A major appeal of alternative fuels is that they experience more gradual price changes than their volatile gasoline counterpart, according to Greg Newsome, chairman of the Clean Cities Coalition and associate dean at the School of Technical Careers and Workforce Initiatives at Miramar College.

“Just about all of these fuels are made locally or supplied locally, so their supply can be more stable and there is a greater opportunity for [fleet managers] to spend less money on fuel costs,” said Newsome.

Alegra Bartzat, administrative director of the Regional Transportation Center’s EcoCenter for Alternative Fuel Education, says that compressed natural gas vehicles are more expensive than those that run on gasoline or diesel, but the fuel is almost always cheaper than regular gasoline – usually around 20 percent – and gets about the same gas mileage.

Bartzat said that unlike vehicles designed to run on compressed natural gas, diesel-burning vehicles can relatively, easily and cheaply be converted to biodiesel, which tends to run 20 to 30 cents more expensive by the gallon.

Proponents of biodiesel argue that these ongoing costs are offset by benefits such as a 20-percent reduction in pollution, slightly improved gas mileage, and less wear on the vehicle through its lubricating properties. Diesel-burning vehicles can also be easily and cheaply converted to biodiesel and can, therefore, be a viable option for fleets that are not seeking to replace their vehicles.

Ross Porter, press advisor for the coalition and communications director for the American Lung Association of San Diego, said that a continuing barrier to the uptake of alternative fuel technologies is how conveniently they can be acquired in the public domain.

Although most businesses set up their own private access to alternative fuel stations, only a handful of San Diego County’s 69 stations are open to the public. Similarly, San Diego’s Regional Transportation Center is currently the only place where the public can buy biodiesel, although some consumers have learned to make it in their homes.

“From a fleet perspective, infrastructure is being accommodated and continues to expand and improve. From the consumer perspective, it needs to be further implemented,” said Porter.

The opening of the Poway Unified School District’s compressed natural gas fueling station to the public is one step towards this goal.

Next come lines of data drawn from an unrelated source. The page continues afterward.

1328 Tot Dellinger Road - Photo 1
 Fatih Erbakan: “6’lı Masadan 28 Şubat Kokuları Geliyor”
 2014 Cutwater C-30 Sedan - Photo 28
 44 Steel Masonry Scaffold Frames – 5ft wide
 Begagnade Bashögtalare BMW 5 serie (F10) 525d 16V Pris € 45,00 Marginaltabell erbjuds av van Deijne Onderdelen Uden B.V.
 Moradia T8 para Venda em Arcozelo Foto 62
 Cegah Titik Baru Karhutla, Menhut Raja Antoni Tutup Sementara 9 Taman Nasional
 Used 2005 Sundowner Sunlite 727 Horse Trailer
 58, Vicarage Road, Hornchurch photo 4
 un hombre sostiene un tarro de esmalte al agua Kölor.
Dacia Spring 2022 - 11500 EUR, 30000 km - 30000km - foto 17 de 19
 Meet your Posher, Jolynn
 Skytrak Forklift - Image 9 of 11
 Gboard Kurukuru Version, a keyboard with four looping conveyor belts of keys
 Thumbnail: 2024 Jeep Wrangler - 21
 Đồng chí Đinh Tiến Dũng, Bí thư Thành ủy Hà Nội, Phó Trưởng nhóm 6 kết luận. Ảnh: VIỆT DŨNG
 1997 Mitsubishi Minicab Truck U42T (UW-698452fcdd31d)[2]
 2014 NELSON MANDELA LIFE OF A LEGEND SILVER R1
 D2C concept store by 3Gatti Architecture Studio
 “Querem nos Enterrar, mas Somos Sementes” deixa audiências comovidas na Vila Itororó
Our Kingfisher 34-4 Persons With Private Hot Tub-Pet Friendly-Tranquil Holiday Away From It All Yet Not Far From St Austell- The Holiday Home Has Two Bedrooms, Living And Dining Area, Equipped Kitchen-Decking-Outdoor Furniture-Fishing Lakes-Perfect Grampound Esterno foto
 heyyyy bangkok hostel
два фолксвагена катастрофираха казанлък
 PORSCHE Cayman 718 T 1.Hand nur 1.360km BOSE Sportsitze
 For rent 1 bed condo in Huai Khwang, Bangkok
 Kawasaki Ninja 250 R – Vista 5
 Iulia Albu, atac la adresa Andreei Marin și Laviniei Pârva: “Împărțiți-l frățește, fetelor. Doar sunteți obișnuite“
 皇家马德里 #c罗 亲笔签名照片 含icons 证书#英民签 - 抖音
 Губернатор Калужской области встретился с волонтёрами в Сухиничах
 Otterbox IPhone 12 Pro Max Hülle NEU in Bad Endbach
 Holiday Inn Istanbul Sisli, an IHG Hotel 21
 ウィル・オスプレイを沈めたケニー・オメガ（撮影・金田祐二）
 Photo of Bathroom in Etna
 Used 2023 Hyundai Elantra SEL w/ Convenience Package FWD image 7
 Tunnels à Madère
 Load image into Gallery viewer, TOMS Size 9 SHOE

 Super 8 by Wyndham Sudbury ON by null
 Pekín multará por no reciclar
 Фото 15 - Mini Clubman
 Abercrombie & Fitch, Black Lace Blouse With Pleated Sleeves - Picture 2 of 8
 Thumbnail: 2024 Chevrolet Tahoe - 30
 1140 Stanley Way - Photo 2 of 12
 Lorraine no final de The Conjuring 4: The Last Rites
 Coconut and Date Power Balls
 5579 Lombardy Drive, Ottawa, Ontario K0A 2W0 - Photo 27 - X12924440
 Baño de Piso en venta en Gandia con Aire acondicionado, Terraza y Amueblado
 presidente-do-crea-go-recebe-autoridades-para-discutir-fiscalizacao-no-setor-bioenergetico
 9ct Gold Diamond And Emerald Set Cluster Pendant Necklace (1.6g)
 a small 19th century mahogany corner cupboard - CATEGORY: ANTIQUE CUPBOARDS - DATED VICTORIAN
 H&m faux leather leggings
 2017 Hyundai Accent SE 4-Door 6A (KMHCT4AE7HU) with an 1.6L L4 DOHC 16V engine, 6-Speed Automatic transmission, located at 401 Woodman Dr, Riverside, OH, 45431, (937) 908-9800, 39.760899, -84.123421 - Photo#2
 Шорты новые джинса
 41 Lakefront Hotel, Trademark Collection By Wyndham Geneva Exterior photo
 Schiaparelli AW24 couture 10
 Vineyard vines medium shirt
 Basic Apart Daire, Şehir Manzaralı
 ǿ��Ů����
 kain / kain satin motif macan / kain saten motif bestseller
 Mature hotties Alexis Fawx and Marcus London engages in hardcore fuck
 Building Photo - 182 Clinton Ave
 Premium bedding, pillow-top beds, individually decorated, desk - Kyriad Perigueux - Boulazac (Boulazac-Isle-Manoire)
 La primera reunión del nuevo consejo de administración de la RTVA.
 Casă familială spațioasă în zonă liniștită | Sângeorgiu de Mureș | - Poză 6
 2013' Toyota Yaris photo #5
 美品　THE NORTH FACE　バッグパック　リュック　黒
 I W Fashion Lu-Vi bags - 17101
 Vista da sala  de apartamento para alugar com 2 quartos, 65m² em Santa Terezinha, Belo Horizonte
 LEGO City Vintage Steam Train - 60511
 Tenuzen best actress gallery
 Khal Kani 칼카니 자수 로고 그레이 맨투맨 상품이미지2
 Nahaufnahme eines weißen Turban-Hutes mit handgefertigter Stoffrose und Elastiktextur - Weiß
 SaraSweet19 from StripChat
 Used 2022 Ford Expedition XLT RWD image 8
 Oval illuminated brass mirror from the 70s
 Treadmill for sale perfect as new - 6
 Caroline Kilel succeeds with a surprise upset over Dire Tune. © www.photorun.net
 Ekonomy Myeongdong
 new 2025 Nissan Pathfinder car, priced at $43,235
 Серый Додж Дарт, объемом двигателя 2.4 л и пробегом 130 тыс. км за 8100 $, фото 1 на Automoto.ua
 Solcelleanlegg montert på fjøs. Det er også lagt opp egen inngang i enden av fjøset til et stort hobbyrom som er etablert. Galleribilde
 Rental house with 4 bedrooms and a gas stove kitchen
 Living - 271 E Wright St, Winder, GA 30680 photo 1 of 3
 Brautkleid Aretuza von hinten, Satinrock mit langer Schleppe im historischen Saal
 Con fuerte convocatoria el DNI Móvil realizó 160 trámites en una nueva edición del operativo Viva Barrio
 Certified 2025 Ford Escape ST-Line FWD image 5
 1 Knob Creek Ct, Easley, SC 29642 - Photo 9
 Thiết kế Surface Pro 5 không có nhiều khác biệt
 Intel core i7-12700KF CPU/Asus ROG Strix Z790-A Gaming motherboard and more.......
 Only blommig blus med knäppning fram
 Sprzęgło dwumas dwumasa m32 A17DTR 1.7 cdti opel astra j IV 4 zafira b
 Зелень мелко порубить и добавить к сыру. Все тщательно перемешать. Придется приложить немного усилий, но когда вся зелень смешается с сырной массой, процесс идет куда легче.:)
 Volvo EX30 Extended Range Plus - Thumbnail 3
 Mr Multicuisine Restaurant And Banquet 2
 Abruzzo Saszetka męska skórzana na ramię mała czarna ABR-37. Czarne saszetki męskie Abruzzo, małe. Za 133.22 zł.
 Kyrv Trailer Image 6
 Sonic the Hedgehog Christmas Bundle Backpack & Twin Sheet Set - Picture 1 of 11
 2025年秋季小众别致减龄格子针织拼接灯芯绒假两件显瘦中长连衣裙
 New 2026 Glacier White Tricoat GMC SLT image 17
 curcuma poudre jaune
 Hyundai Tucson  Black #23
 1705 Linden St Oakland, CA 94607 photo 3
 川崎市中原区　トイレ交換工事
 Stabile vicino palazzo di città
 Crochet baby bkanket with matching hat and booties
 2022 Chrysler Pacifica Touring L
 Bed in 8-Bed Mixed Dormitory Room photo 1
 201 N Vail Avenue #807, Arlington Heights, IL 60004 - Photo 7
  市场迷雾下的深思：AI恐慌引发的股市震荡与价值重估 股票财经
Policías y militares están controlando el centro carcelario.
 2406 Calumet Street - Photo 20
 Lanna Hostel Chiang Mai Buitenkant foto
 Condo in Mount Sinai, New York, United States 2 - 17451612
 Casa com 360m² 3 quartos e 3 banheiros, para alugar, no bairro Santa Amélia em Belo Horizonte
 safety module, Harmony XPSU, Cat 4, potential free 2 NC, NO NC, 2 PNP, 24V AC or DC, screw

According to Phil Medved, the district’s fleet manager, the nearest fueling station for Poway residents prior to Friday was in Miramar.

Pacific Honda showcased its own solution at Friday’s news conference: a home refueling device that can be attached to existing natural gas lines and, over a 7-8 hour period, refuel a Honda Civic GX compressed natural gas vehicle.

Also on hand at the event were representatives from San Diego State University’s mechanical engineering department, where a team under the direction of Professor Jim Burns recently designed and built the L3 Enigma hybrid electric vehicle that improves on existing technology by taking more of its power from electricity and less from emissions-producing gasoline.